Information supplied:

BEGIN

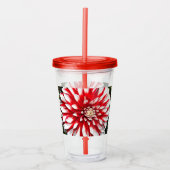 Red en White Dahlia Floral Acryl Drinkbeker (Voorkant)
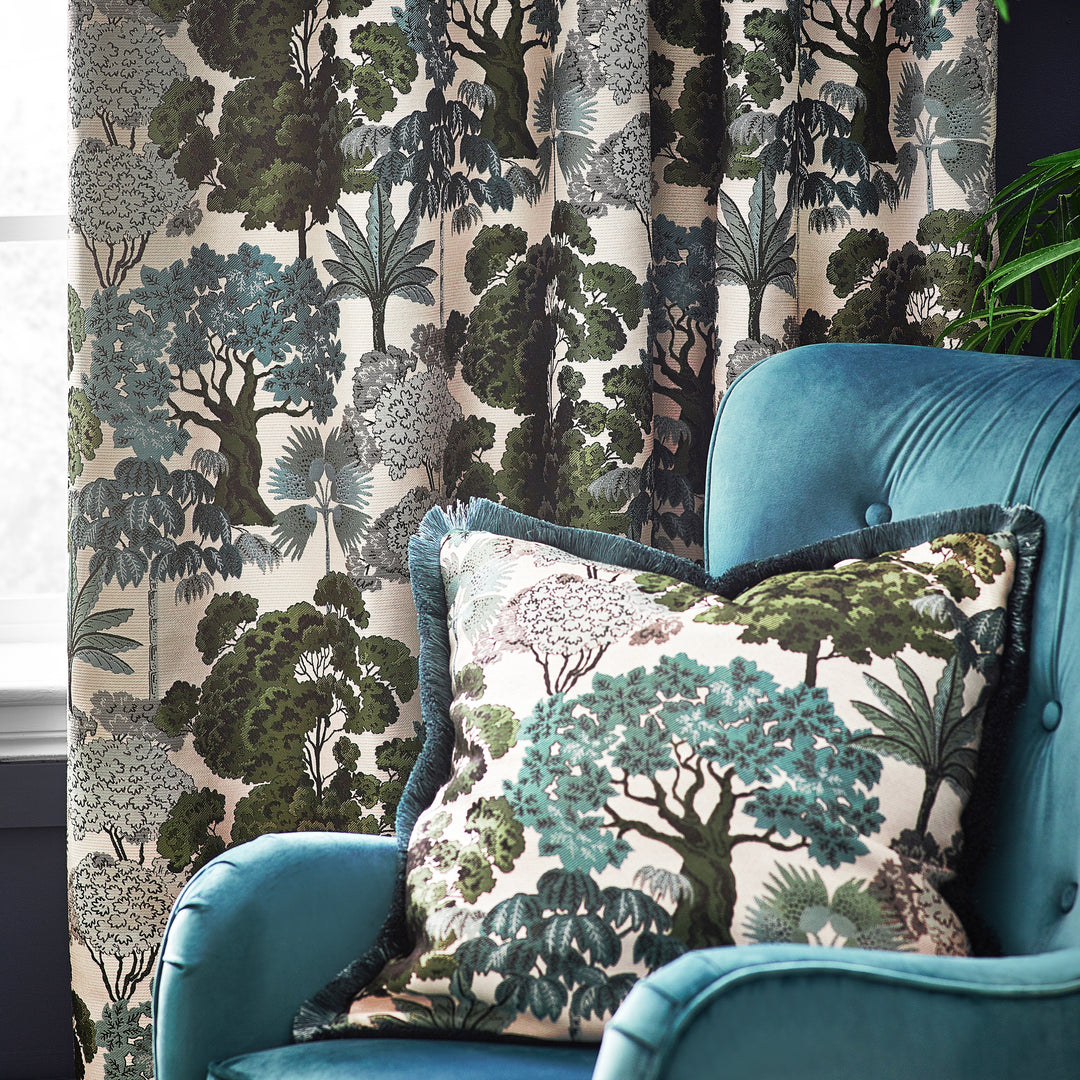 WOODLANDS 117X137 EYELET CURTAINS GREEN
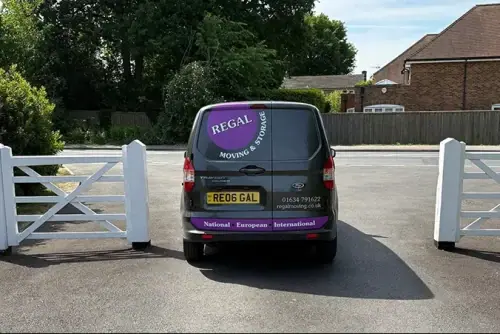 Regal Moving & Storage van prepared for customs on a removal to Italy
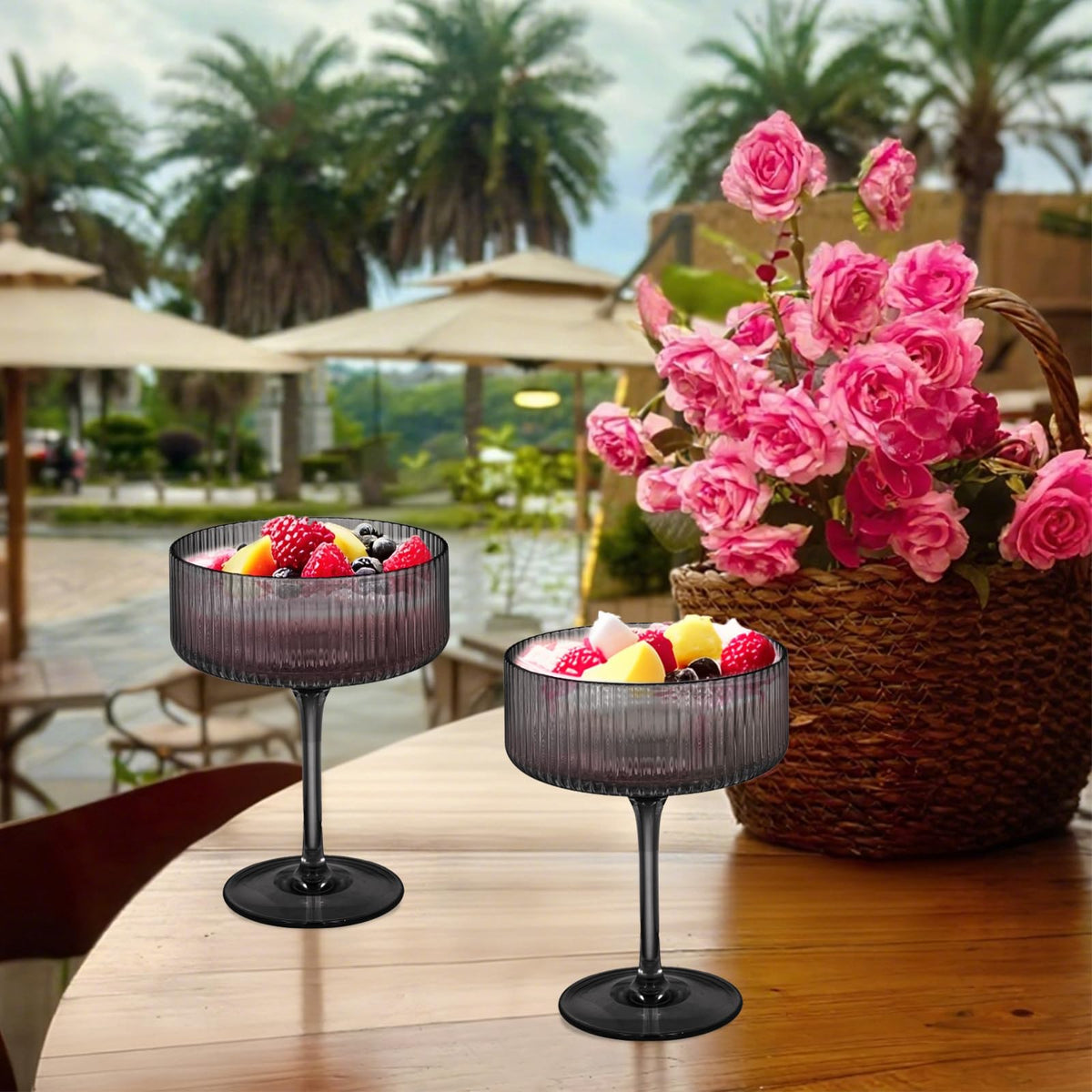 6 Pieces 10.5oz Black Ribbed Acrylic Cocktail Glasses W517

END

Task brief: Give the listing again exactly, minus its images.

Your solution:
 Red en White Dahlia Floral Acryl Drinkbeker (Voorkant)
 WOODLANDS 117X137 EYELET CURTAINS GREEN
 Regal Moving & Storage van prepared for customs on a removal to Italy
 6 Pieces 10.5oz Black Ribbed Acrylic Cocktail Glasses W517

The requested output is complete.